To date, second malignancy rates are low and do not differ significantly between the arms. The only two cases of endometrial cancer occurred on placebo, and it is probable that women entering the menopause are less susceptible to the carcinogenic effects of tamoxifen on the endometrium [29]. A delayed effect is still possible, although all women have been off therapy for 1–8 years.

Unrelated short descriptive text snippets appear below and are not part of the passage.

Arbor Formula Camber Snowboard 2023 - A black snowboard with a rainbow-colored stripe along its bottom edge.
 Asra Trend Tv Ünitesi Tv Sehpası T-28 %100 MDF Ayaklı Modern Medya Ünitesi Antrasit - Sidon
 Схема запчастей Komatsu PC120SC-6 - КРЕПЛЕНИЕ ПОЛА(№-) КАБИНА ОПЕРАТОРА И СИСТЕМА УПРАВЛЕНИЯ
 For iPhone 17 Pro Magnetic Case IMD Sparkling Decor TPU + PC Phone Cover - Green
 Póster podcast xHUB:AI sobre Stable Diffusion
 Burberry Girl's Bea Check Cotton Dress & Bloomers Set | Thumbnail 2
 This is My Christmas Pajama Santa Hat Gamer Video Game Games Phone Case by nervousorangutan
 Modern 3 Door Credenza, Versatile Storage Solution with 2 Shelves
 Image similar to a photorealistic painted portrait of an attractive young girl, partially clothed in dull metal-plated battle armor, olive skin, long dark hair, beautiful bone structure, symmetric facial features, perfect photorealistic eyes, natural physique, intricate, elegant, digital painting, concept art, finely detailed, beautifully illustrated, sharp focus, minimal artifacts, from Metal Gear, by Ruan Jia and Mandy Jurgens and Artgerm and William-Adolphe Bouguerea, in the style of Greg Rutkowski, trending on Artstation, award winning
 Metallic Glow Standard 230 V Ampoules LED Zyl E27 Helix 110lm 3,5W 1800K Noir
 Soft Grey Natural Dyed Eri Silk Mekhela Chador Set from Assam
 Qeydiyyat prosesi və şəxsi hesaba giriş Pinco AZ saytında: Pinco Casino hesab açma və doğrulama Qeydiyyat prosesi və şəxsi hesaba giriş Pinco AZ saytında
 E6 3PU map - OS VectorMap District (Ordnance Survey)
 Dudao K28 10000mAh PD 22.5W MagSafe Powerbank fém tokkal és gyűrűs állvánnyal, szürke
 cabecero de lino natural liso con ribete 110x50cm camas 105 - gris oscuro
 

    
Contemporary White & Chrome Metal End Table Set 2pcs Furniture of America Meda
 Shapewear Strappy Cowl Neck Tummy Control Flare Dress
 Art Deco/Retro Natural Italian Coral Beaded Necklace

In conclusion, in MA.12, DFS at 5 years was marginally improved for premenopausal women receiving 5 years of tamoxifen after adjuvant chemotherapy for EBC. However, poor compliance with therapy is likely to have influenced the efficacy of treatment in this trial and other similar studies. Some of the compliance issues clearly related to the physical and emotional consequences of early menopause induced by adjuvant chemotherapy, but there were other contributory factors (Table 4). These findings have implications for the use of oral anticancer medications in many settings [30].

funding

AstraZeneca, through the National Cancer Institute of Canada Clinical Trials Group; Canadian Cancer Society, through the National Cancer Institute of Canada (# 4448).

appendix

Figure A1.

Consort diagram.

Table A1.

Numbers of acute adverse events/toxic effects (>10% incidence either arm)

Adverse event	Tamoxifen (328 patients)						Placebo (327 patients)
	1	2	3	4	Total (%)	%R	1	2	3	4	Total (%)	%R
Blood
WBC	82	30	3	0	115 (35)	0	74	20	1	0	95 (29)	1
Neutrophils	69	10	5	3	87 (27)	0	44	14	6	0	64 (20)	0
Hb	79	3	0	0	82 (25)	0	45	2	0	0	47 (14)	0
Cardiovascular
Edema	44	11	0	0	55 (17)	6	61	9	0	0	70 (21)	7
Endocrine
Amenorrhea	16	205	0	0	221 (67)	34	26	198	0	0	224 (69)	37
Hot flashes	61	134	75	0	270 (82)	78	87	131	47	0	265 (81)	75
Influenza-like symptoms
Arthralgia	60	13	4	0	77 (23)	4	59	33	4	0	96 (29)	4
Lethargy	125	24	1	0	150 (46)	19	136	27	3	0	166 (51)	23
Myalgia	40	13	3	0	56 (17)	4	43	17	3	0	63 (19)	2
Gastrointestinal
Nausea	45	8	1	0	54 (16)	7	46	8	1	0	55 (17)	8
Abdominal pain	21	6	0	0	27 (8)	1	29	9	3	0	41 (13)	2
Genitourinary
Vaginitis/fibrosis	66	22	0	0	88 (27)	21	55	9	2	0	66 (20)	15
Hepatic
ALP	28	1	0	0	29 (9)	0	90	2	0	0	92 (28)	0
AST	44	8	2	0	54 (16)	1	32	4	1	0	37 (11)	0
Infection
Infection	11	13	1	0	25 (8)	1	16	17	0	0	33 (10)	1
Neurological
Headache	15	20	3	0	38 (12)	4	27	20	1	0	48 (15)	4
Insomnia	20	11	0	0	31 (9)	3	24	13	3	0	40 (12)	4
Mood	60	40	6	0	106 (32)	17	80	46	7	1	134 (41)	21
Pain	39	11	3	0	53 (16)	2	55	16	1	0	72 (22)	2
Sensory	37	5	0	0	42 (13)	2	48	4	1	0	53 (16)	2
Osseous
Bone pain	20	11	2	0	33 (10)	1	29	15	3	0	47 (14)	3
Pulmonary
Cough	22	3	0	0	25 (8)	0	22	8	2	0	32 (10)	0
Skin
Alopecia	17	6	2	0	25 (8)	1	33	10	0	0	43 (13)	2
Skin changes	14	1	0	0	15 (5)	1	29	3	0	0	32 (10)	1
Rash/itch	32	11	1	0	44 (13)	3	31	14	1	0	46 (14)	3

%R = considered by investigator to be ‘possibly’, ‘probably’, or ‘definitely’ related to protocol treatment.

WBC, white blood cell; Hb, hemoglobin; ALP, alkaline phosphatase; AST, aspartate aminotransferase.